The short piece concerning the demolition of vernacular and listed buildings in Northern Ireland (AJ 8.11.01) skirts around what is a very serious, and very depressing, situation.

Among the many issues faced on a daily basis by the Ulster Architectural Heritage Society and recently highlighted in the SAVE report 'Blink and You'll Miss It - Northern Ireland's Heritage in Danger', Austin Williams only chooses to dwell on two - the destruction of vernacular buildings and the delisting of buildings in general in the Province.

Listing criteria are largely based on those used in England so, in many cases, are not appropriate to Northern Ireland's built heritage, where small vernacular buildings are an essential part of the historic landscape. The government-sponsored vandalism that is wiping out an entire layer of history gives, through the inequity of the VAT system, more money to those who knock down their vernacular buildings (to replace them with similar sized bungalows) than to those who want to repair traditional buildings.

The standards by which traditional buildings are judged unfit include staircases that are too steep by modern standards and uneven floor surfaces. The playing field is far from level - it is entirely incorrect to say that these buildings have been 'reasonably destroyed'.

The issue of the delisting of historic buildings in the Province is nothing short of scandalous.

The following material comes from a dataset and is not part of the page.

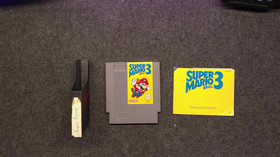 Super Mario Bros 3 NES Nintendo + Anleitung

Buildings have been delisted not because their core historic value has been permanently diminished, but for minor reasons, such as changes in fenestration which could, and should, be reversed. Instead of the owners being punished, it is the buildings that suffer - delisting is usually the signal for demolition and redevelopment.

On top of all this, the resurvey of buildings of historic and architectural significance in Northern Ireland has all but ground to a halt, and while the resurveys in England and Wales have resulted in an overall increase in the number of buildings being granted statutory protection, in Ulster the resurvey has so far led to a decrease.

At the root of this situation is a complete lack of political will to solve the situation. The statutory instruments available for the protection of historic buildings are very rarely used, and the Environment and Heritage Service (the body responsible for the historic environment) is hideously under-funded.

Action is required now but, true to form, the Department of the Environment's response to our report is somewhat overdue.